By: Dr. Rafael Medoff
The Auschwitz death camp was the last place on earth one would have expected to find Jews celebrating in August 1944. But sixty-five years ago this week, a “mass festivity” erupted among the prisoners–as American planes swept across the sky, dropping more than one thousand bombs on German targets below.
But not on the gas chambers or crematoria. They had a different target.
This week, on the 65th anniversary of that remarkable day, Dr. Tomas Radil, a scientist based in Prague recalled those extraordinary but all-too-brief celebrations.
Radil grew up in a town close to the Czech-Hungarian border. After the German occupation of Hungary in the spring of 1944, he and his family were deported to Auschwitz. Less than 14 years old at the time, Radil was taken to Birkenau, the mass murder section of Auschwitz, where he was housed with one thousand other teenage boys.
On the morning of August 20, 1944, a fleet of 127 American bombers known as Flying Fortresses approached Auschwitz. They were escorted by 100 Mustang fighters, piloted by the famous all-African American unit known as the Tuskegee Airmen.
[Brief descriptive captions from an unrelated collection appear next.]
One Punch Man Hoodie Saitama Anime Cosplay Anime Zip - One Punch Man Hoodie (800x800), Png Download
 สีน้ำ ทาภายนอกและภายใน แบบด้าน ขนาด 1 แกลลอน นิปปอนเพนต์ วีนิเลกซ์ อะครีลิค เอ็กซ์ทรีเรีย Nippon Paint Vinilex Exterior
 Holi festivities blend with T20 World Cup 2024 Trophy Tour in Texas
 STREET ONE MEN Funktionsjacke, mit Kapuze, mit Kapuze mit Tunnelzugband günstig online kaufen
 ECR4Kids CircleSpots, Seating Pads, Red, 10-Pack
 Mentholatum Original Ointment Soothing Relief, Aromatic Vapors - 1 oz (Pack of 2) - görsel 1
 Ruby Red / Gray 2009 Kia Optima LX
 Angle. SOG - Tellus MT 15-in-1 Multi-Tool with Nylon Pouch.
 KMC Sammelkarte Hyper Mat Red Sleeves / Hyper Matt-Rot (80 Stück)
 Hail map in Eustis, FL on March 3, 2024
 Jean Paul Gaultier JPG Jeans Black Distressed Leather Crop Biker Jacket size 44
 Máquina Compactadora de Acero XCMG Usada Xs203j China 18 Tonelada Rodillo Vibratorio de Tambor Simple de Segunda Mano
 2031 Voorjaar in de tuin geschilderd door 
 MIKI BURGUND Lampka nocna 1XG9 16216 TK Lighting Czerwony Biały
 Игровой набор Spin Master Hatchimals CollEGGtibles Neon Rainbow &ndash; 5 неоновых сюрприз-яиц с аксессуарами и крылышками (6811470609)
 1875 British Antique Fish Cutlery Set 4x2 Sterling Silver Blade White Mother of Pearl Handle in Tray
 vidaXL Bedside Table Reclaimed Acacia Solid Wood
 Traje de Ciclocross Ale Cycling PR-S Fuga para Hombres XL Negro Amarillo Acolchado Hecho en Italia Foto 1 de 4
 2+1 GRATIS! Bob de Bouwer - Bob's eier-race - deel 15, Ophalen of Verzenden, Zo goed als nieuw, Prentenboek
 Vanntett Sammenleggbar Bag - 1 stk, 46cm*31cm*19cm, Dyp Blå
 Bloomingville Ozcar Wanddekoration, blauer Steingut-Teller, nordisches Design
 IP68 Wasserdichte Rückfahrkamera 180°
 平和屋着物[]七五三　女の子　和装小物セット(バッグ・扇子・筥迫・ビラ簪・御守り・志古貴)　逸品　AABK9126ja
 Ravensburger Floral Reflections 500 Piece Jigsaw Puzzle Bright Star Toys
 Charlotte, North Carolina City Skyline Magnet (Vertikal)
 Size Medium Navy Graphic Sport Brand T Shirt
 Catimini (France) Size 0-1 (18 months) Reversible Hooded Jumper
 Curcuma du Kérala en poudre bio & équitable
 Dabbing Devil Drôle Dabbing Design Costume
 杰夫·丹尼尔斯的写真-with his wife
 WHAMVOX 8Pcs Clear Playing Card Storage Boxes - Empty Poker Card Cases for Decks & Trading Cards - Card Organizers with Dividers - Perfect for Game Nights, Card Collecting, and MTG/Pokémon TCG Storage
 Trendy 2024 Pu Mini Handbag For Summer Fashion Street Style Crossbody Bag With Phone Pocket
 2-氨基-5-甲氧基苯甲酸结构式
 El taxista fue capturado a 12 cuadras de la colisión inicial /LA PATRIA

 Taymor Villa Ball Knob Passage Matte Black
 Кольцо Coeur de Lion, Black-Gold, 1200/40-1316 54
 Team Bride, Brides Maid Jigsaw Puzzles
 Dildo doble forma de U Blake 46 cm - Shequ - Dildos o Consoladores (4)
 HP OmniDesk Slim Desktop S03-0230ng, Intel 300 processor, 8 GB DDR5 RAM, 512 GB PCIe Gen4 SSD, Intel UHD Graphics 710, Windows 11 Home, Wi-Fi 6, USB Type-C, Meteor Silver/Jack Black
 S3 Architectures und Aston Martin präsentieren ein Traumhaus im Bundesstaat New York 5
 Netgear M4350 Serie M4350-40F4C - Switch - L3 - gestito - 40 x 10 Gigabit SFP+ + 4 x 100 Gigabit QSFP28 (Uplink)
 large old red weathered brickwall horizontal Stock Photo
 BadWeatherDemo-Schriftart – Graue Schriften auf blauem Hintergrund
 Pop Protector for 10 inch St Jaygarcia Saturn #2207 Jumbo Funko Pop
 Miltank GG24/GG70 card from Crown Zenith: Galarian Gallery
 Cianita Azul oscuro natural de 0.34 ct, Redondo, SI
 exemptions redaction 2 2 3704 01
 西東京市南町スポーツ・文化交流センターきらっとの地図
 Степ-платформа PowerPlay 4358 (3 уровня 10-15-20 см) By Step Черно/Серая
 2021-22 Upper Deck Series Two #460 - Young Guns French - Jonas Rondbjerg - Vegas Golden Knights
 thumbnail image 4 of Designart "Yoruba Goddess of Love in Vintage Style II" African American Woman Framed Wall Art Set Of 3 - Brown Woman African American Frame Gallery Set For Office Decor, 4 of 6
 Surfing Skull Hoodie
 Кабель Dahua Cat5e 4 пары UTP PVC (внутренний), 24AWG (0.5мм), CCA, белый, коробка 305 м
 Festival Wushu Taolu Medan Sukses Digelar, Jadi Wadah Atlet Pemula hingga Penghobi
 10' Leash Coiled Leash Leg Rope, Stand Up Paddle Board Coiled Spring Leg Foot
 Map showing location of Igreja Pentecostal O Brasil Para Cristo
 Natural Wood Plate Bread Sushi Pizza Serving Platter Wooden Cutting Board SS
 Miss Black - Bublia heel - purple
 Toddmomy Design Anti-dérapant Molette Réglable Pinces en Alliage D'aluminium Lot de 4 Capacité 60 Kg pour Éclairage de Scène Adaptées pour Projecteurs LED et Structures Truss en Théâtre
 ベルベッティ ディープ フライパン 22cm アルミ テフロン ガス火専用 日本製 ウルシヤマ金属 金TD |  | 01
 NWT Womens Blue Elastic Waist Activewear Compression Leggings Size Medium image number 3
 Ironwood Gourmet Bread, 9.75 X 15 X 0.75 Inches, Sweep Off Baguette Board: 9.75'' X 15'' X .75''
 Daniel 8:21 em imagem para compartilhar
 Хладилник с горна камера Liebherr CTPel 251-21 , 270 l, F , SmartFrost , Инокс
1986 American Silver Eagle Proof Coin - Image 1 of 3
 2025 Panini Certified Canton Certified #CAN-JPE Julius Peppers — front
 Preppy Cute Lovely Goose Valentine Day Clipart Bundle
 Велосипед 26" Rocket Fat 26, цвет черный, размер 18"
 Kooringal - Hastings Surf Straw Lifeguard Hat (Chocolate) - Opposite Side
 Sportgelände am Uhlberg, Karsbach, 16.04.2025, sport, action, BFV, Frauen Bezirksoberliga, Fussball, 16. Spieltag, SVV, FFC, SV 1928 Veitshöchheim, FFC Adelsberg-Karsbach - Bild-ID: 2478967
Auschwitz was a huge complex, some seven miles wide. It included factories that produced synthetic oil for the German war effort, less than five miles from the gas chambers. The American planes dropped more than 1,300 bombs, each of them weighing some 500 pounds, on the oil plants.
Radil and his fellow-prisoners in Birkenau watched in amazement as the planes bombed the camp’s industrial zone. “The first one was a fantastic mass festivity among the prisoners,” he recalls. “Hundreds of prisoners were shouting loudly and joyfully, not being afraid at all of any potential bombing while watching the American aircraft flying above.”
Weren’t they afraid they might be hit by the bombs? “The danger of being killed by the bombs was ridiculously small in comparison with the danger of being murdered by the Nazis in the camp,” Radil said. “For the first time, it was the Germans who were scared–it was big fun for the prisoners.”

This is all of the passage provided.